How attractive are opportunities for a bank like Tonik?

“There are around $140 billion of retail deposits in the Philippines, with more than half of these clients keen to switch them to a digital contender given the right proposition,” says Greg Krasnov, the founder and CEO. Similarly on the asset side, there are about $10 billion of unsecured consumer loans in the Philippines today, but Krasnov believes this figure should grow to between $40 billion and $50 billion over the next few years, based on per-capita comparisons to similar markets.

“There’s massive under-banking and financial exclusion in the Philippines,” Krasnov says.

The central bank said in the 2017 Financial Inclusion Survey that only 22.6% of adult Filipinos had bank accounts, while the 2019 BSP Consumer Expectation Survey found that 36.6% of households had savings.

“Only 30% of the Filipinos hold bank accounts, and only 4% of the ones that borrow do so from the banks. We are here to solve for these consumer needs,” says Krasnov.

He doubts the ability of the established players to meet these consumer needs, trapped in older models.

“The traditional banks in the Philippines seem to be unable to innovate sufficiently to address the needs of the mass-market deposit or loan customers,” he says. “They operate with very low deposit rates, weak digital propositions, and no capabilities in the high-volume, high-automation, unsecured consumer finance space.”

This, he says, is quite at odds with the modern reality of the Philippines, where the average consumer is 24 years old, completely digitally native and spends an average four hours a day on Facebook (the Philippines is the global leader in Facebook use). “The needs of these consumers need to be solved through digital proposition,” Krasnov says.

In Krasnov’s opinion, Covid-19 certainly had an impact, but only really as part of a longer-term upward curve. The volume of digital transactions went up 3.5 times in e-wallets, he says. “However, it still has a long way to go. On such high and critical products as bill payments or peer-to-peer domestic remittances, pre-Covid digital penetration was well below 10%.”
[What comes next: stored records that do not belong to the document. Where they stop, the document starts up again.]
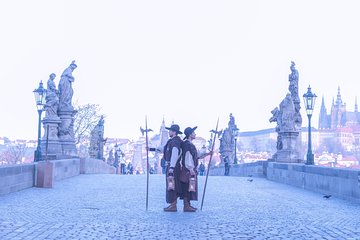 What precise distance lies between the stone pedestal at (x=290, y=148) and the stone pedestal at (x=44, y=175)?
13334mm

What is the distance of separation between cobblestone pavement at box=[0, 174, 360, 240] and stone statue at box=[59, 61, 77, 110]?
12.5 metres

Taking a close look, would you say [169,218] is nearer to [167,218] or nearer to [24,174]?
[167,218]

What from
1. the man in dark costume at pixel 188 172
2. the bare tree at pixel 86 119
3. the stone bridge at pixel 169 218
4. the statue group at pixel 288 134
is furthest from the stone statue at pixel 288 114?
the bare tree at pixel 86 119

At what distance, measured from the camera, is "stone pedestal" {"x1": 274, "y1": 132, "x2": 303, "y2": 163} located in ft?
89.3

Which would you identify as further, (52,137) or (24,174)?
(52,137)

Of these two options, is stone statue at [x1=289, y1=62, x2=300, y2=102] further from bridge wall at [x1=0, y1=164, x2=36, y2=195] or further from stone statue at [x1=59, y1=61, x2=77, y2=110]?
bridge wall at [x1=0, y1=164, x2=36, y2=195]

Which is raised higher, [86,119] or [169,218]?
[86,119]

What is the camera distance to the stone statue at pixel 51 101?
83.9 feet

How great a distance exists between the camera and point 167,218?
32.6ft

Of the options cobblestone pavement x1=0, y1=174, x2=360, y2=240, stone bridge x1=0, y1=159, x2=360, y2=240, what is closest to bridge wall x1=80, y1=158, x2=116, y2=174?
stone bridge x1=0, y1=159, x2=360, y2=240

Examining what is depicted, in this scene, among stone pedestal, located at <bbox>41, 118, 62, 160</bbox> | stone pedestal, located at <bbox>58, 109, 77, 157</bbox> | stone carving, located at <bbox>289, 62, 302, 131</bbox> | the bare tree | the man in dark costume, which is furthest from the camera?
the bare tree

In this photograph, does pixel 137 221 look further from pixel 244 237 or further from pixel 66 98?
pixel 66 98

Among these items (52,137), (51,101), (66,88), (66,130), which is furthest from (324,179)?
(66,88)

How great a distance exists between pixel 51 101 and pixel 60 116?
3.47 feet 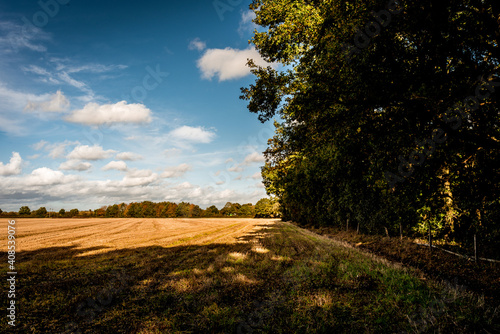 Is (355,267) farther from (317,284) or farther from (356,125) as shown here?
(356,125)

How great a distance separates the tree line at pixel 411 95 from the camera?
22.5ft

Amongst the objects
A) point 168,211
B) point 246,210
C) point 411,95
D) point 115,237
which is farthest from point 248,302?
point 168,211

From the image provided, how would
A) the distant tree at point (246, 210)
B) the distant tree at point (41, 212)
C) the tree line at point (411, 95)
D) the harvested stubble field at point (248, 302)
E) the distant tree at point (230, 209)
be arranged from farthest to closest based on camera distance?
1. the distant tree at point (230, 209)
2. the distant tree at point (246, 210)
3. the distant tree at point (41, 212)
4. the tree line at point (411, 95)
5. the harvested stubble field at point (248, 302)

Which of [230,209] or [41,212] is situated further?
[230,209]

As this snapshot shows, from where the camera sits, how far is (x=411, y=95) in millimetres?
7297

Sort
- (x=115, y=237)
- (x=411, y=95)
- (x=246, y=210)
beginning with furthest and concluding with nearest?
(x=246, y=210)
(x=115, y=237)
(x=411, y=95)

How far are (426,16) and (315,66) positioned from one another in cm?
397

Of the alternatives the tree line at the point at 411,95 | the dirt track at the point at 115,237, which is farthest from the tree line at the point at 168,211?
the tree line at the point at 411,95

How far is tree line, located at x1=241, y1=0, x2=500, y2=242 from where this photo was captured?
685 centimetres

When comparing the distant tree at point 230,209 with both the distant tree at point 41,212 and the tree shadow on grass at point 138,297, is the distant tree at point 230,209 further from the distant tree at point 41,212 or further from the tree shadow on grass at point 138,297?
the tree shadow on grass at point 138,297

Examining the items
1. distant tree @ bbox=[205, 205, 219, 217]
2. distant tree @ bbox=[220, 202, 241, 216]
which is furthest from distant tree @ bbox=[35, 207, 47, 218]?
distant tree @ bbox=[220, 202, 241, 216]

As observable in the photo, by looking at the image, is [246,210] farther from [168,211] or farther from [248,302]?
[248,302]

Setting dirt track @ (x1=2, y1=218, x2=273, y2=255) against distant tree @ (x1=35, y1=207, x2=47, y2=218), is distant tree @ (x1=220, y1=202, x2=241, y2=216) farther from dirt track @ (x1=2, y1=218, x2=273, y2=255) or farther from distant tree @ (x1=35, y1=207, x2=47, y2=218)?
dirt track @ (x1=2, y1=218, x2=273, y2=255)

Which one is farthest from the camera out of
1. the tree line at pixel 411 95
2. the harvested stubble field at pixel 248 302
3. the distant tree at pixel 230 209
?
the distant tree at pixel 230 209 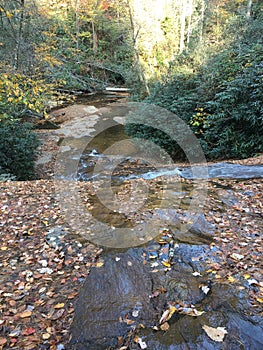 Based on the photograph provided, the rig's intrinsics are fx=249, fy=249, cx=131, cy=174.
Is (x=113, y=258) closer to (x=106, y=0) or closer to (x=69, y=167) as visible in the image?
(x=69, y=167)

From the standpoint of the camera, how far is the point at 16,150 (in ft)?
26.6

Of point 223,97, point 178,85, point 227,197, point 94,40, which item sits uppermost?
point 94,40

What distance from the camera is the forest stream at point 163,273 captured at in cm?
208

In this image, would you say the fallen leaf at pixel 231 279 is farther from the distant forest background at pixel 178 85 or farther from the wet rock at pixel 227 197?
the distant forest background at pixel 178 85

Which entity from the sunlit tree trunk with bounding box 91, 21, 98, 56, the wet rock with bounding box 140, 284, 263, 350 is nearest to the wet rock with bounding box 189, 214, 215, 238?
the wet rock with bounding box 140, 284, 263, 350

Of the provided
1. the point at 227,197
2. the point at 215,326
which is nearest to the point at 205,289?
the point at 215,326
Benjamin Diokno, governor of Bangko Sentral ng Pilipinas, the central bank, reiterates that the pandemic has resulted in big advances.

“There has been a quantum jump in the use of digital payments,” Diokno says: “There has been a dramatic increase in the opening of bank accounts in electronic form.”

Like the more traditional bankers, Krasnov believes that those who made the switch during Covid will stay digital.

“We are observing the sustainability of the switch to digital post-Covid in the markets that are coming out of the pandemic, which leads us to believe that, indeed, post-Covid in the Philippines, the digital penetration in financial services will continue to grow more rapidly than before.”